Ex Machina doesn’t want to simply be another movie in the large pantheon of science-fiction cinema, but instead builds on what has come before and distills it into a narrative that is rich and layered. With outstanding performances from Domhnall Gleeson, Oscar Isaac, and Alicia Vikander, a world of science is created that manages to blur the line without ever getting bogged down in exposition. We meet the robot, Ava (Vikander), within the first 15 minutes and we are treated to a simple plan: Caleb (Gleeson) is going to perform the Turing test, a scientific evaluation on whether artificial intelligence can convince a human that they are talking to another human through conversation. But Nathan (Isaac), a billionaire genius programmer of an online search engine, isn’t pulling any punches and wants Caleb to truly interact without the illusion that he is talking to a human. Instead, Nathan intends for Ava to truly convince him that she has a conscience and can decide things for herself. It’s a wildly ambitious goal set in a lavish high-tech, secluded compound where one gets the sense that some mysteries are left to be revealed.
Fans of genre cinema should recognize Alex Garland’s name, but this is the first time the writer behind Never Let Me Go, Sunshine, and 28 Days Later is stepping behind the camera as well, making this a feature that, in his own words, won’t be twisted or warped. It’s his vision, and he does a wonderful job of giving Gleeson and Isaac plenty of captivating moments with a strong script. In many ways, they are trapped down in the compound while Caleb performs the test on Ava and what ends up occurring is a verbal sparring match of wits. Nathan is loose and fun, while Caleb is a bit uptight. No better example can be shown than when they both quote things from books. While Caleb is always using direct quotes, Nathan paraphrases in order to more specifically tailor it to the situation which constantly draws Caleb’s ire. They both are hyper intelligent with a photographic memory, but Nathan is loose and has fun with it.
There have been a number of androids in cinema and yet Garland and conceptual artist Jock manage to give Ava a distinctive look, creating the true highlight of the film. A bit more texture would have been fun to witness, as Ava is enclosed in a glass room, interacting with Caleb as a glass divider separates them, but there is an oddly alluring look to her throughout. She has skin layered over her hands, feet, and face, but everything else is robotic molding, apparent with her clear arms and legs that show the connections between the limbs. So far is the conceptualization brought to reality here that we actually get a monologue on what Ava’s “brain” is made out of: something along the lines of liquid electronics able to build and mold itself. Against the backdrop of the ultra modern compound where Nathan and Caleb are, Ava manages to look perfectly at home.

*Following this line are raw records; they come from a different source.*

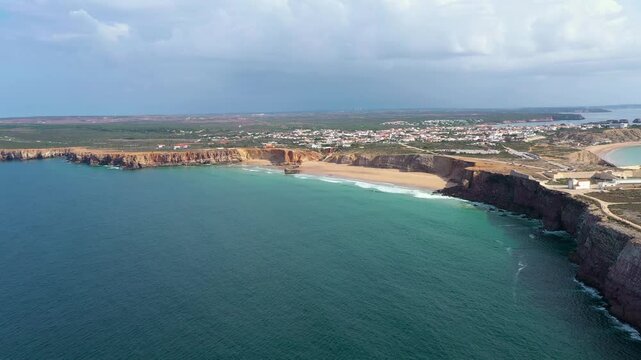 Tonel Beach, natural beach situated in in South of Portugal, Sagres. High cliff, Sagers city in background. Famous travel destination for water sports. drone going forward descending. Surfers in water
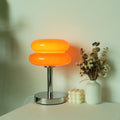 Angled view of orange glass lamp with chrome base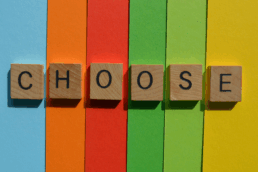 letters spelling the word choose on a colourful background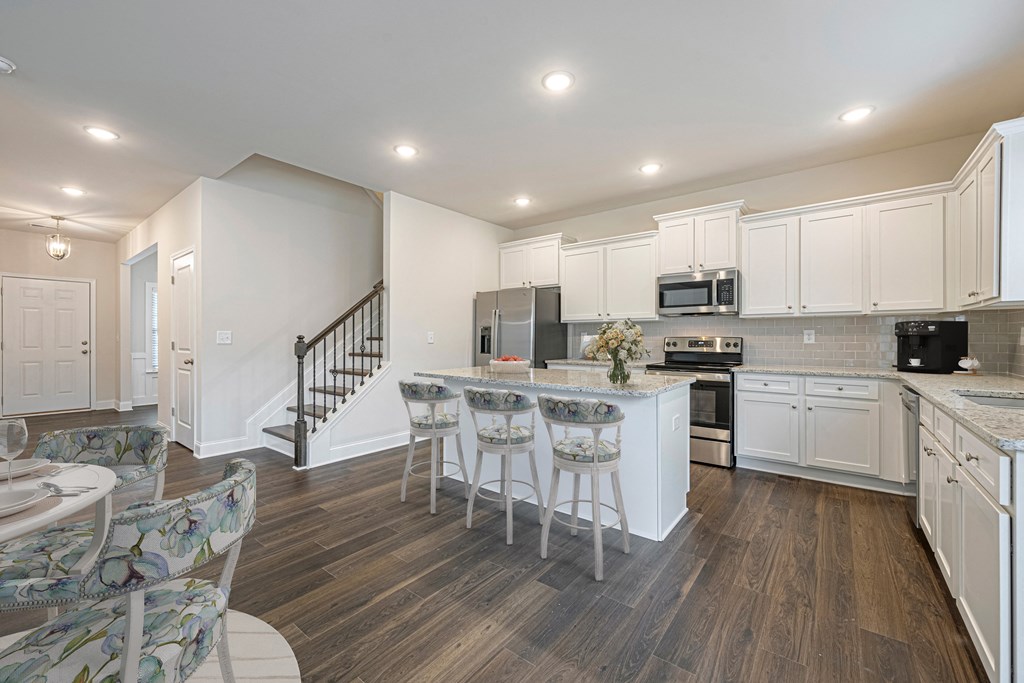a kitchen with white cabinets and a island with bar stools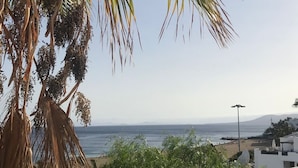 A coastal view with a beach, palm trees, and a clear sky. - Vacation rental (vv) In Puerto Del Carmen, Lanzarote, Canary Islands (Puerto Del Carmen)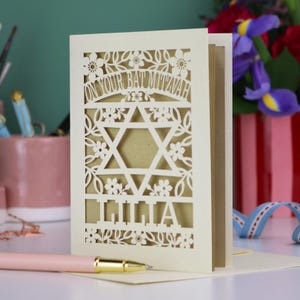 A laser cut Bat Mitzvah card with Star of David design and text "On Your Bat Mitzvah" at the top. The card is personalised with the recipient's name at the bottom and had floral and leaf design elements around the border.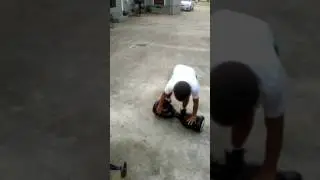 little boy riding a hoverboard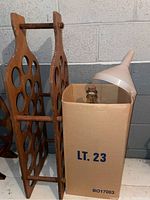 Wooden wine rack beside cardboard box labeled LT. 23, with white plastic funnel.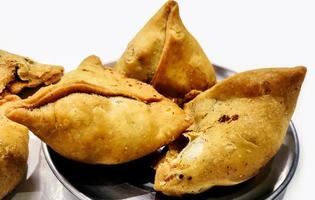 samosa de batata em fundo branco, comida tradicional indiana ou paquistanesa do ramadã foto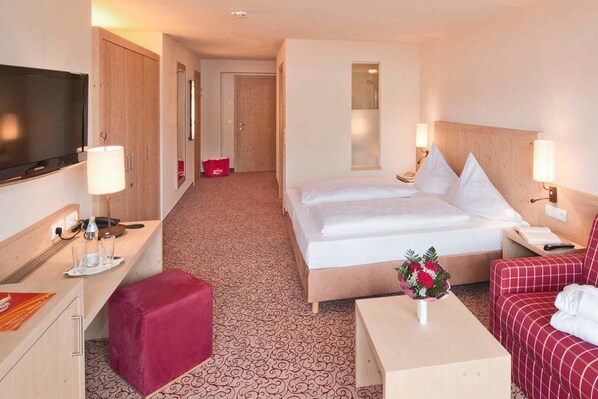 A hotel room with a bed, a TV, a desk with a lamp, a red ottoman, and a red sofa.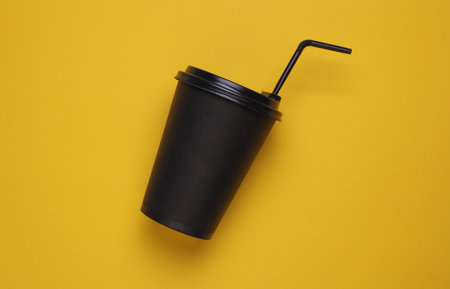 Black disposable cup for hot drinks with straw and lid on yellow backgroundの写真素材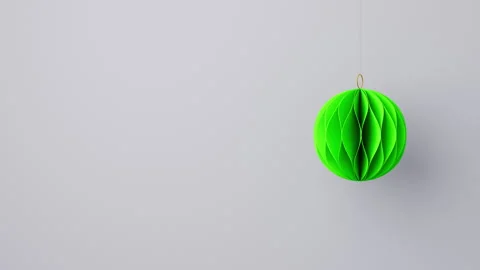 3D render of a green Christmas paper ball on light background Stock Footage 293058199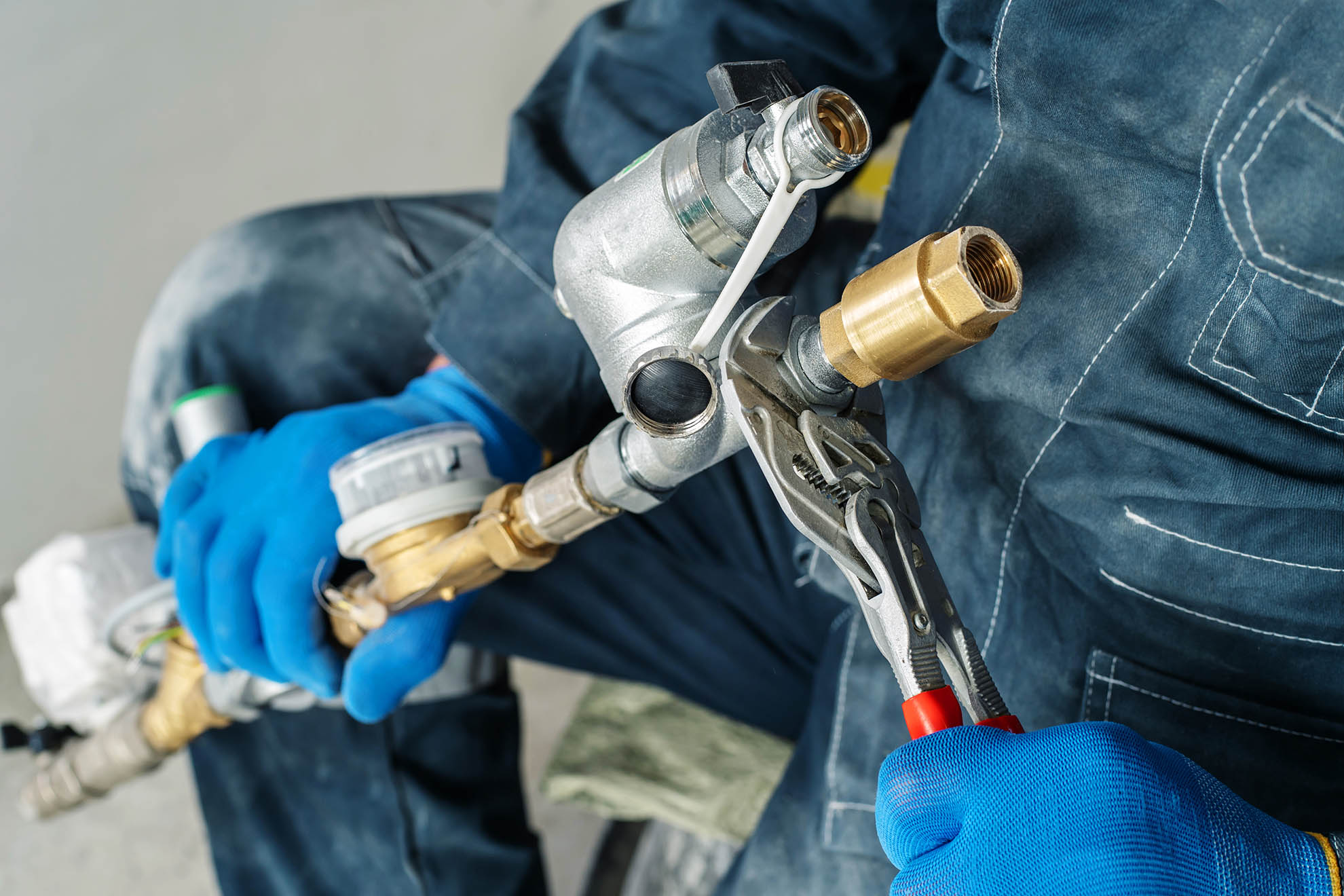 A plumber assembles a heating system using a wrench. Cropped frame. Unrecognizable person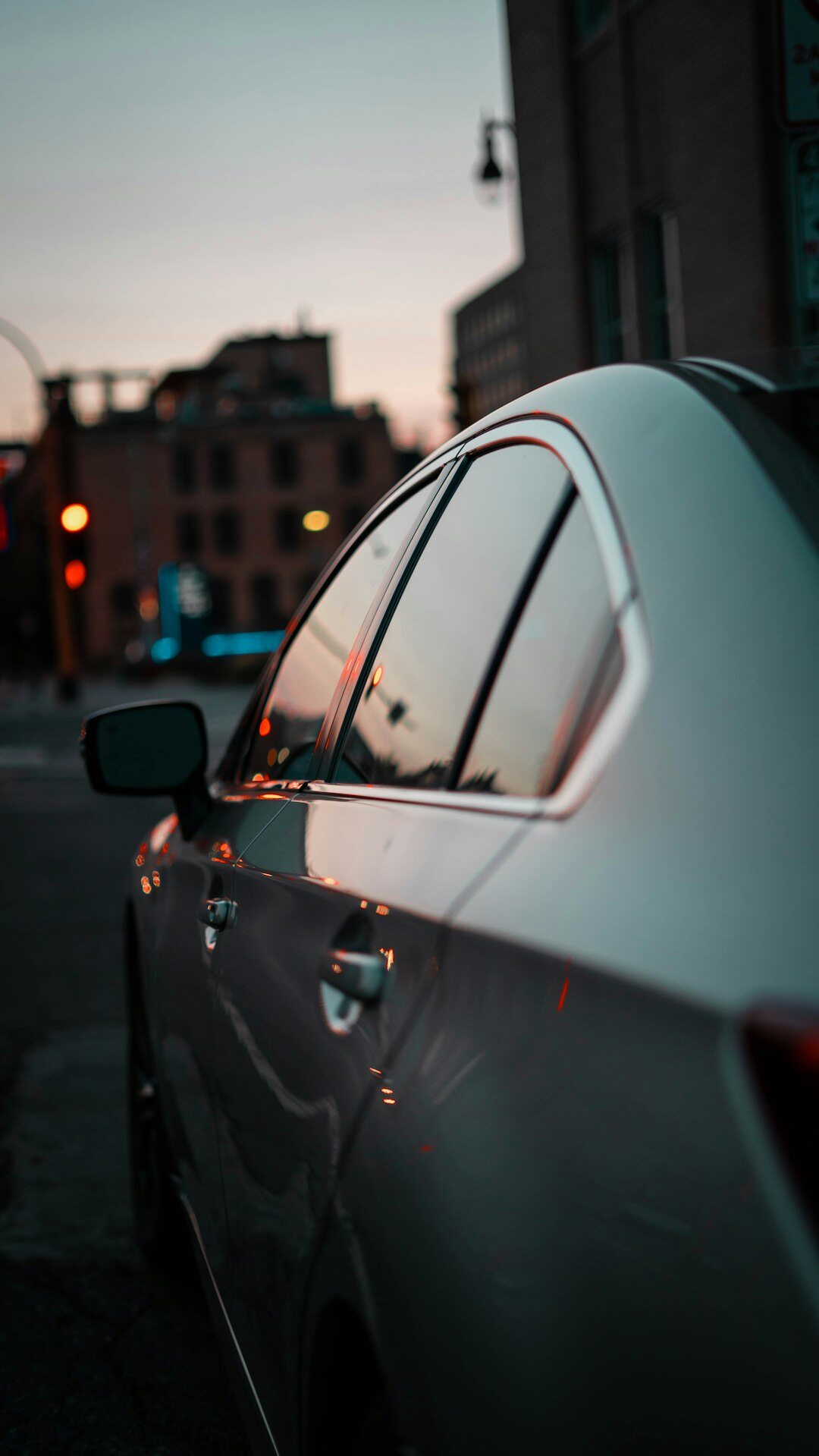 Silver sedan photographed at a low angle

Yet as the film progresses — and each new day is announced with a title card — we get an impending sense of doom. The facility, which is Nathan’s secluded workspace for this experiment on a remote piece of land he owns in the middle of millions of acres, is plagued by sporadic power outages that cause the entire place to take on a nightmare feel and shut down to make sure nothing can get in or out. Nathan even has Caleb sign an incredibly thorough non-disclosure agreement, despite being in a secluded compound. Of course, it all makes sense as the tech he is going to reveal is a game changer. Reminiscent of Pedro Almodóvar’s The Skin I Live In, a fantastic film about the nature of sexuality and gender identity, the parallels are fascinating and there is a rich history built up in each. Nathan has various cameras throughout the facility and monitors Caleb’s interactions with Ava. He guides Caleb and wants him to try to pierce the veil of Ava’s mind. He wants Caleb to explore without inhibition as he plays mentor, when he isn’t getting stumble-down drunk.

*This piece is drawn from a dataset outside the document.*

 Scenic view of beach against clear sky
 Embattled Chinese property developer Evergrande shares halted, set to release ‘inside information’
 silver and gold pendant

There’s a large game of set-up and much of the film is Caleb interacting verbally with Nathan or Ava, each interaction so well-written that I was enthralled throughout. There’s a layer of what it means to be exposed to another human and given a mind and the drive to be free. We can tell that even when Ava seems to be processing her words she has a sadness underneath. As we learn the history of Ava, a darker side is explored. By the time things really start to increase in pace, we are already driven to feel a certain way. The unique aspect of the film is that it doesn’t particularly take sides in the debate of whether we should create AI or not. Instead, it seems to ask whether humans can actually keep from making this all go wrong.

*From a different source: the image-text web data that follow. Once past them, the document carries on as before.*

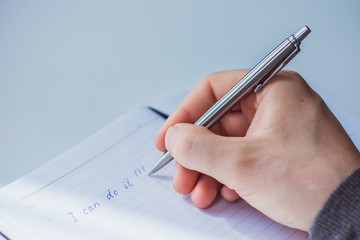 An image of a man's hand writing the phrase "I can do it!"in a Notepad with a ballpoint pen. The man is sitting at a white table and is dressed in a gray jacket.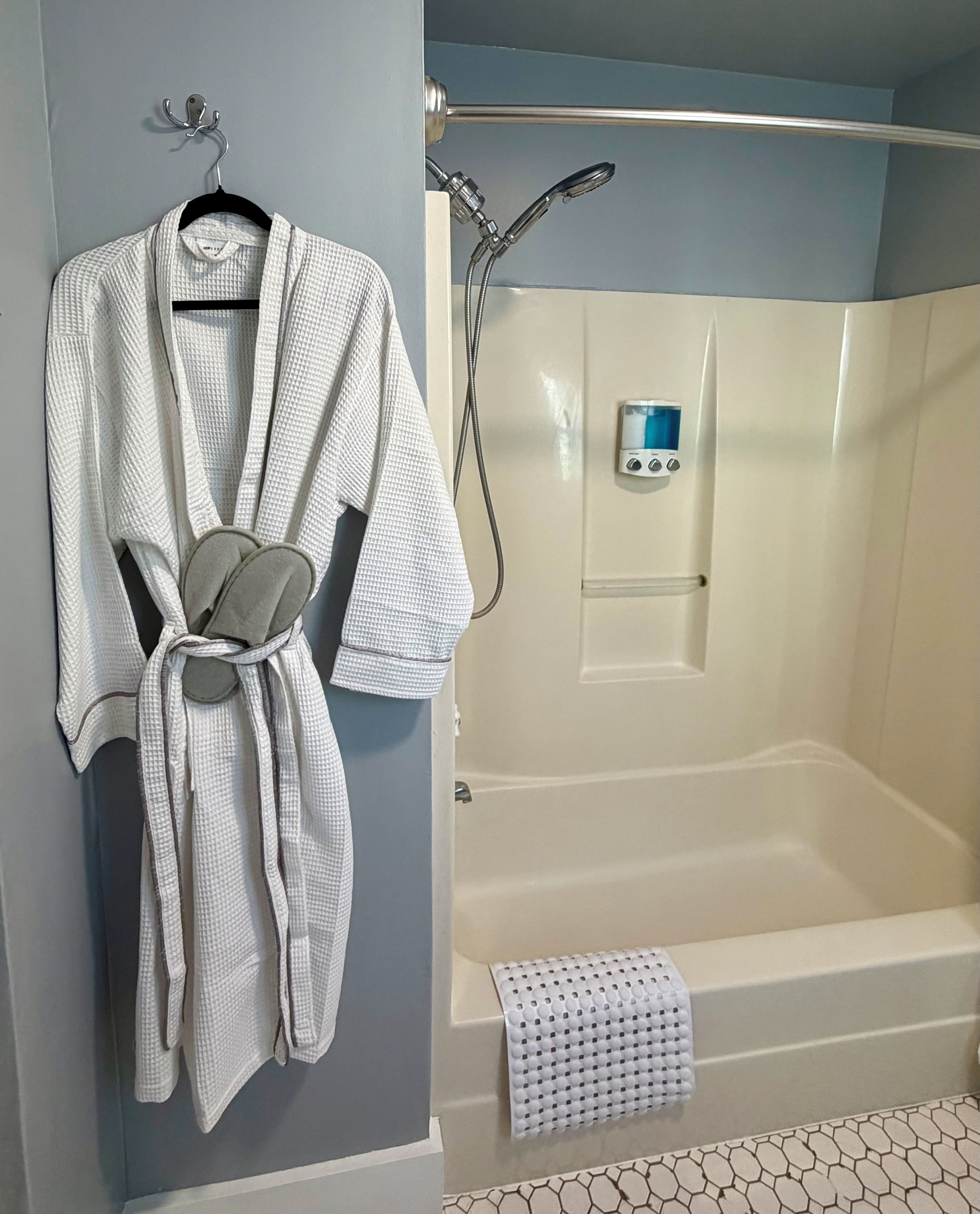 A bathroom with a bathtub, a towel rack with a robe, and a shower control panel.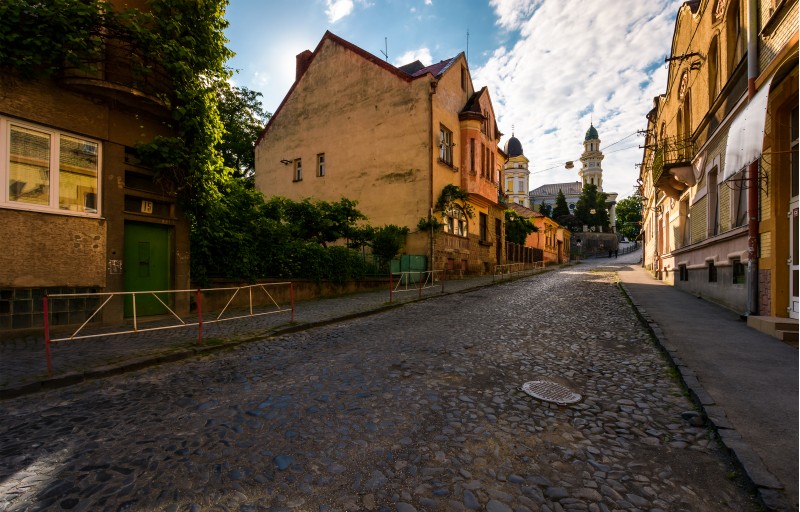 empty street of old town on summer morning. cobblestone pavement on the ground. beautiful scenery with architecture of Austria-Hungary times.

A film about a robot isn’t the normal place to find a rich and thoughtful exploration of patriarchal society, gender identity, seclusion and nature versus nurture. Yet Garland and his ensemble have managed to deliver all of this within the realm of a resonant science-fiction narrative that is as brutal and honest in its observations as it is entertaining. All of that is to say that Ex Machina has both a heart and soul. Within these close quarters, there is something to chew on, observe, and explore.
Ex Machina screened at SXSW and will hit theaters on April 10th.